Returns: the imputed frame.
- keys()[source]¶
Retrieve the keys for each of the H2OVec objects comrpising this H2OFrame.
Returns: the array of keys.
- levels(col=0)[source]¶
Get the factor levels for this frame and the specified column index.
Parameters: col – A column index in this H2OFrame. Returns: a list of strings that are the factor levels for the column.
- merge(other, allLeft=False, allRite=False)[source]¶
Merge two datasets based on common column names
Parameters: - other – Other dataset to merge. Must have at least one column in common with self, and all columns in common are used as the merge key. If you want to use only a subset of the columns in common, rename the other columns so the columns are unique in the merged result.
- allLeft – If true, include all rows from the left/self frame
- allRite – If true, include all rows from the right/other frame
Returns: Original self frame enhanced with merged columns and rows
- names()[source]¶
Retrieve the column names (one name per H2OVec) for this H2OFrame.
Returns: A character list[] of column names.
- ncol()[source]¶
Get the number of columns in this H2OFrame.
Returns: The number of columns in this H2OFrame.
- nrow()[source]¶
Get the number of rows in this H2OFrame.
Returns: The number of rows in this dataset.
- quantile(prob=None, combine_method='interpolate')[source]¶
Compute quantiles over a given H2OFrame.
Parameters: - prob – A list of probabilties, default is [0.01,0.1,0.25,0.333,0.5,0.667,0.75,0.9,0.99]. You may provide any sequence of any length.
- combine_method – For even samples, how to combine quantiles.
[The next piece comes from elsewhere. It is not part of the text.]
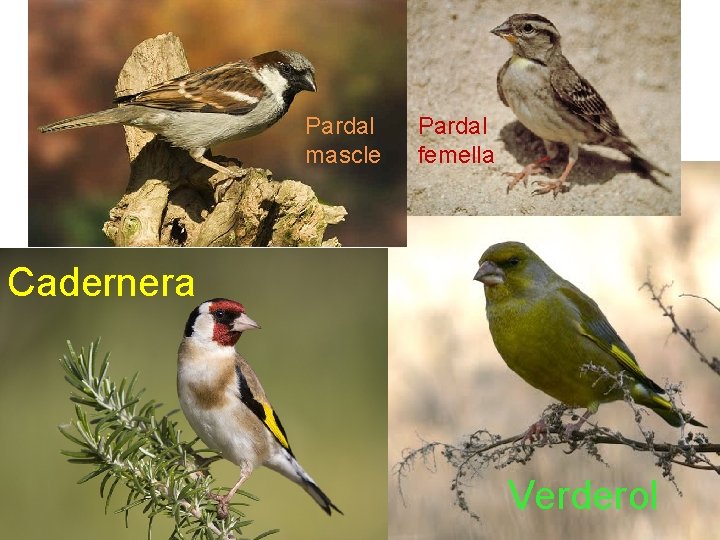 Pardal mascle Pardal femella Cadernera Verderol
Should be one of [“interpolate”, “average”, “low”, “hi”]
Returns: an H2OFrame containing the quantiles and probabilities.
- setNames(names)[source]¶
Change the column names to names.
Parameters: names – A list of strings equal to the number of columns in the H2OFrame. Returns: None. Rename the column names in this H2OFrame.
H2OVec¶
- class h2o.frame.H2OVec(name, expr)[source]¶
A single column of data that is uniformly typed and possibly lazily computed.
- append(data)[source]¶
Append a value during CSV read, convert to float.
Parameters: data – An element being appended to the end of this H2OVec Returns: void
- cbind(data)[source]¶
Parameters: data – H2OFrame or H2OVec Returns: new H2OFrame with data cbinded to the end
- get_expr()[source]¶
Helper method to obtain the expr object in self. Can also get it directly @ ._expr.
Returns: the _expr member of this H2OVec
- isfactor()[source]¶
Returns: A lazy Expr representing the truth of whether or not this vec is a factor.
- static mktime(year=1970, month=0, day=0, hour=0, minute=0, second=0, msec=0)[source]¶
All units are zero-based (including months and days). Missing year is 1970.
Returns: Returns msec since the Epoch.
- quantile(prob=None, combine_method='interpolate')[source]¶
Returns: A lazy Expr representing the quantiles of this H2OVec.
- row_select(vec)[source]¶
Boolean column select lookup
Parameters: vec – An H2OVec. Returns: A new H2OVec.
- runif(seed=None)[source]¶
Parameters: seed – A random seed. If None, then one will be generated. Returns: A new H2OVec filled with doubles sampled uniformly from [0,1).
- setName(name)[source]¶
Set the column name for this column.
Parameters: name – The new name for this column. Returns: None
- show(noprint=False)[source]¶
Pretty print this H2OVec, or return values up to an iterator on an enclosing Frame
Parameters: noprint – A boolean stating whether to print or to return data. Returns: If noprint is False, then self._expr is returned.